There are several factors that may cause the CPU to be underutilized. First, the interpolation is applied on
floating point values, and floating point operations are computationally
expensive.
Secondly, one of the key operations, the floating point to integer
conversion (FTOL) routine, turns out to be the most expensive computation
instruction in the loop [Herf], [de Castro Lopo].
In our base version compiled with Visual
C++, VTune
analyzer results suggest that 50 CPU[2]
cycles are needed for one single FTOL operation, which is outrageous,
considering the wide usage of the FTOL operation in many applications such as
audio, video and graphics processing.
It is mainly because there is no dedicated x86 instructions to do the floating
point to integer conversion. There is an instruction on the chip that does a
conversion (fistpl),
but it respects the chip's current rounding mode. The default rounding mode is
to round the floating point value to the closest integer, as it is required for
all normal operations like addition, subtraction, multiplication etc. So in
order to implement the “correct” version of truncation for the float to int cast, it needs to switch the rounding mode to the
truncation mode before call to fistpl and once the conversion is finished, the mode needs
to be switched back.
A typical assembly interpretation of the FTOL operation is shown as below.
fnstcw -2(%ebp) ;
store FPU control word
movw -2(%ebp),%di ; move FPU
control word to di register
orw $3072,%di ; modify di
movw %di,-4(%ebp) ; move di to
the stack
fldcw -4(%ebp) ;
load same value from stack into FPU control word
fistpl -8(%ebp) ;
store floating point value as an integer on the stack
movl -8(%ebp),%eax ; move the
integer value from stack to eax
fldcw -2(%ebp) ;
restore FPU control word
The instruction which causes the real damage is fldcw (FPU load control word).

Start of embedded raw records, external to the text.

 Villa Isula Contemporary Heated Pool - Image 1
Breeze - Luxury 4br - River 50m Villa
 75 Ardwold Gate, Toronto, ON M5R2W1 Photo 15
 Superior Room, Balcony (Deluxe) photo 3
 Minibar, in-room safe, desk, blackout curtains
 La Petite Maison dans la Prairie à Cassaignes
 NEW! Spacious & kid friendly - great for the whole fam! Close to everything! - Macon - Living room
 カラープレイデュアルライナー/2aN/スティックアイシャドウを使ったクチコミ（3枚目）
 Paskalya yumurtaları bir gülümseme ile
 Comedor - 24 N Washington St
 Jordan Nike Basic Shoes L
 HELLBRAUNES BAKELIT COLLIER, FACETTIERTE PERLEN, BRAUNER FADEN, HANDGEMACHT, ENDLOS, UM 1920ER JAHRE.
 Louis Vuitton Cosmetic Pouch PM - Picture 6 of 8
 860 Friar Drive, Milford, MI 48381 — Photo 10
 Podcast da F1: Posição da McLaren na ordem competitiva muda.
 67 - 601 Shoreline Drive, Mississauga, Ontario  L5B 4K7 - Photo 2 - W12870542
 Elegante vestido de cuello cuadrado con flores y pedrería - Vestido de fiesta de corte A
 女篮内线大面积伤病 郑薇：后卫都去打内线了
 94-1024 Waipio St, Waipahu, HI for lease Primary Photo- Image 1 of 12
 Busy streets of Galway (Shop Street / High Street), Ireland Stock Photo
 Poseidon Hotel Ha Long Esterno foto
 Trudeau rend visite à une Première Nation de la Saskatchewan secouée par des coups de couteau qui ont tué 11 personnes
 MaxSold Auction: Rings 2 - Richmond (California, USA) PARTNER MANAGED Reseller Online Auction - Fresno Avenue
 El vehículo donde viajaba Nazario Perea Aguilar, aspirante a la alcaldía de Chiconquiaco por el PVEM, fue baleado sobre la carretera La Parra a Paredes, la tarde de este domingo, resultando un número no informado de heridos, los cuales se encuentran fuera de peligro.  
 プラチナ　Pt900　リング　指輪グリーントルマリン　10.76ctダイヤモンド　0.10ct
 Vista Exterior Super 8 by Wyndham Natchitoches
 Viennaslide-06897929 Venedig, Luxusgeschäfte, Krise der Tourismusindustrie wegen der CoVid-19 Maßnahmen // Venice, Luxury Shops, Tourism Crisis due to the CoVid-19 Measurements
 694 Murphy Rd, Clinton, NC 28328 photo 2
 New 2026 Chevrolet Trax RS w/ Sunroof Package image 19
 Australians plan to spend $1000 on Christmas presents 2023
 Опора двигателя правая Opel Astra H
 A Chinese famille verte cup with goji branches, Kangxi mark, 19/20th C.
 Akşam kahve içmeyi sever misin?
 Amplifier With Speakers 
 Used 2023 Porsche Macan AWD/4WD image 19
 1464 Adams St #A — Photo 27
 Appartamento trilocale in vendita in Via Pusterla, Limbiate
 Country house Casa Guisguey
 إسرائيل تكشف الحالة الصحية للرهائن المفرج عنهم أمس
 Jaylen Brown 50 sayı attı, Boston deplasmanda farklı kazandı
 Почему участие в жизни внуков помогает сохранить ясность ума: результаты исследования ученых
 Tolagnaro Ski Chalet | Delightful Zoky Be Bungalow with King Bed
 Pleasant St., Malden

Whenever the FPU encounters this instruction it flushes its pipeline and loads
the control word before continuing operation. The FPUs
of modern CPUs like the Pentium III, Pentium IV and AMD Athlon
rely on deep pipelines to achieve higher peak performance. So this piece of
code reduces the floating point performance of the CPU to level of a
non-pipelined FPU. Also another important instruction fistpl that does the actual
conversion work also requires about 6 CPU cycles to complete.
There is also significant performance difference between the Visual C++ compiled version and the GCC compiled version. We found out that Visual C++ defines the FTOL routine in
standard library and the function call is not in-lined, which results in significant
function call overhead, while in GCC,
the FTOL function is in-lined. But overall the floating point to integer
conversion is still quite a bit expensive.
The third factor that should be noticed is the critical path in the loop. Considering the dependencies between each operation, the floating point multiplication in the interpolation must wait for the outcome of the corresponding table lookups, and table lookups must wait for the floating point to integer conversion. This chain of dependencies may leave the CPU underutilized.
Having
characterized the performance of the table-lookup oscillator code and
identified the bottlenecks, we proceeded to optimize the code. Since the floating point to integer
conversion took significant amount of execution time, we first attempted to
find a more optimized alternative to the compiler provided conversion routine.
Survey of
the floating point conversion topic revealed that there are several
alternatives. We will describe each of
these alternatives separately.
Analysis of
the critical loop shows that it is possible to re-write the code without using
floating point to integer conversion.
Indeed, the conversion is needed for variable phase. phase is incremented by a constant amount phase_inc every iteration of the loop.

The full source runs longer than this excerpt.